■ Required work:
All entries below are to be returned in full, exactly as they stand.

[[ Source material open ]]

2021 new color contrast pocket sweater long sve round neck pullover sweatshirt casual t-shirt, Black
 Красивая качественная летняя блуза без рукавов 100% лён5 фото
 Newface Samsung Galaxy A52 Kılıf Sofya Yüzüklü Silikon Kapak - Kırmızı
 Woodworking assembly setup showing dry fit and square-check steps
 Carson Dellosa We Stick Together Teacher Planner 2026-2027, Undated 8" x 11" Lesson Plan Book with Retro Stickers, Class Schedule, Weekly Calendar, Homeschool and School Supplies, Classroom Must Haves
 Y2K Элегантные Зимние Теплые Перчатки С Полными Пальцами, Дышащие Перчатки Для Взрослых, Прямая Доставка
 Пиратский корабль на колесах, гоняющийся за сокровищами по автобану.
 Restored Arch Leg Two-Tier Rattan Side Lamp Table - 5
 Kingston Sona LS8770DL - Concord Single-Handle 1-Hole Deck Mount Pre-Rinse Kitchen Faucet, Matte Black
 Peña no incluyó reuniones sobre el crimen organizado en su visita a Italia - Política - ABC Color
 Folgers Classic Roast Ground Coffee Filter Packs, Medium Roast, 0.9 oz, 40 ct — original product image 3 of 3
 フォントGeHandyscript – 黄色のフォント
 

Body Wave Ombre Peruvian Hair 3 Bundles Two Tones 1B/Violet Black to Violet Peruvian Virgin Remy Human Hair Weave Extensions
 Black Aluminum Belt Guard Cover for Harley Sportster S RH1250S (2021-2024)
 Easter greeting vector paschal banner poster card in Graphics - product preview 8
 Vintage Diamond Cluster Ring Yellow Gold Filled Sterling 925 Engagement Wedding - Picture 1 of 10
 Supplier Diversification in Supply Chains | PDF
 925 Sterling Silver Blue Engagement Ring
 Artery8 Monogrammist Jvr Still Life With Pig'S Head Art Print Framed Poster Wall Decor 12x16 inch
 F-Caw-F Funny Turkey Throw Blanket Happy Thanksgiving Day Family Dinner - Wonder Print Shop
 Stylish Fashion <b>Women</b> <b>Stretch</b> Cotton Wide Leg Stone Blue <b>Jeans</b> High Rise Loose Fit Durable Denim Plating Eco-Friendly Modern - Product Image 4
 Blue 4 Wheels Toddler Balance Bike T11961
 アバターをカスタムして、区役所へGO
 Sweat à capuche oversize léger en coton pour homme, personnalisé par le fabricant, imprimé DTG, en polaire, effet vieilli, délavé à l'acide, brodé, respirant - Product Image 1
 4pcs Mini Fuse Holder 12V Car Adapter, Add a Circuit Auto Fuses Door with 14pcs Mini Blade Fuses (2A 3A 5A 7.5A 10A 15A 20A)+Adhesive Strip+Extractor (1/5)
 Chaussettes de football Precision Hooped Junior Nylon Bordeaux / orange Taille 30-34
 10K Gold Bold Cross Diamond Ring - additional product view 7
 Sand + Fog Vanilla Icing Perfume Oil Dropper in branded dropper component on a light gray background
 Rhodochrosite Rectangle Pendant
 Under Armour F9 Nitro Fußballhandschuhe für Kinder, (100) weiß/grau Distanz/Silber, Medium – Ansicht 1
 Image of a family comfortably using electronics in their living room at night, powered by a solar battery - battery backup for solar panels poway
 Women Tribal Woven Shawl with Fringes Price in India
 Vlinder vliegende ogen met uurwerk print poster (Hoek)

[[ Source material closed ]]

■ Your response:
2021 new color contrast pocket sweater long sve round neck pullover sweatshirt casual t-shirt, Black
 Красивая качественная летняя блуза без рукавов 100% лён5 фото
 Newface Samsung Galaxy A52 Kılıf Sofya Yüzüklü Silikon Kapak - Kırmızı
 Woodworking assembly setup showing dry fit and square-check steps
 Carson Dellosa We Stick Together Teacher Planner 2026-2027, Undated 8" x 11" Lesson Plan Book with Retro Stickers, Class Schedule, Weekly Calendar, Homeschool and School Supplies, Classroom Must Haves
 Y2K Элегантные Зимние Теплые Перчатки С Полными Пальцами, Дышащие Перчатки Для Взрослых, Прямая Доставка
 Пиратский корабль на колесах, гоняющийся за сокровищами по автобану.
 Restored Arch Leg Two-Tier Rattan Side Lamp Table - 5
 Kingston Sona LS8770DL - Concord Single-Handle 1-Hole Deck Mount Pre-Rinse Kitchen Faucet, Matte Black
 Peña no incluyó reuniones sobre el crimen organizado en su visita a Italia - Política - ABC Color
 Folgers Classic Roast Ground Coffee Filter Packs, Medium Roast, 0.9 oz, 40 ct — original product image 3 of 3
 フォントGeHandyscript – 黄色のフォント
 

Body Wave Ombre Peruvian Hair 3 Bundles Two Tones 1B/Violet Black to Violet Peruvian Virgin Remy Human Hair Weave Extensions
 Black Aluminum Belt Guard Cover for Harley Sportster S RH1250S (2021-2024)
 Easter greeting vector paschal banner poster card in Graphics - product preview 8
 Vintage Diamond Cluster Ring Yellow Gold Filled Sterling 925 Engagement Wedding - Picture 1 of 10
 Supplier Diversification in Supply Chains | PDF
 925 Sterling Silver Blue Engagement Ring
 Artery8 Monogrammist Jvr Still Life With Pig'S Head Art Print Framed Poster Wall Decor 12x16 inch
 F-Caw-F Funny Turkey Throw Blanket Happy Thanksgiving Day Family Dinner - Wonder Print Shop
 Stylish Fashion <b>Women</b> <b>Stretch</b> Cotton Wide Leg Stone Blue <b>Jeans</b> High Rise Loose Fit Durable Denim Plating Eco-Friendly Modern - Product Image 4
 Blue 4 Wheels Toddler Balance Bike T11961
 アバターをカスタムして、区役所へGO
 Sweat à capuche oversize léger en coton pour homme, personnalisé par le fabricant, imprimé DTG, en polaire, effet vieilli, délavé à l'acide, brodé, respirant - Product Image 1
 4pcs Mini Fuse Holder 12V Car Adapter, Add a Circuit Auto Fuses Door with 14pcs Mini Blade Fuses (2A 3A 5A 7.5A 10A 15A 20A)+Adhesive Strip+Extractor (1/5)
 Chaussettes de football Precision Hooped Junior Nylon Bordeaux / orange Taille 30-34
 10K Gold Bold Cross Diamond Ring - additional product view 7
 Sand + Fog Vanilla Icing Perfume Oil Dropper in branded dropper component on a light gray background
 Rhodochrosite Rectangle Pendant
 Under Armour F9 Nitro Fußballhandschuhe für Kinder, (100) weiß/grau Distanz/Silber, Medium – Ansicht 1
 Image of a family comfortably using electronics in their living room at night, powered by a solar battery - battery backup for solar panels poway
 Women Tribal Woven Shawl with Fringes Price in India
 Vlinder vliegende ogen met uurwerk print poster (Hoek)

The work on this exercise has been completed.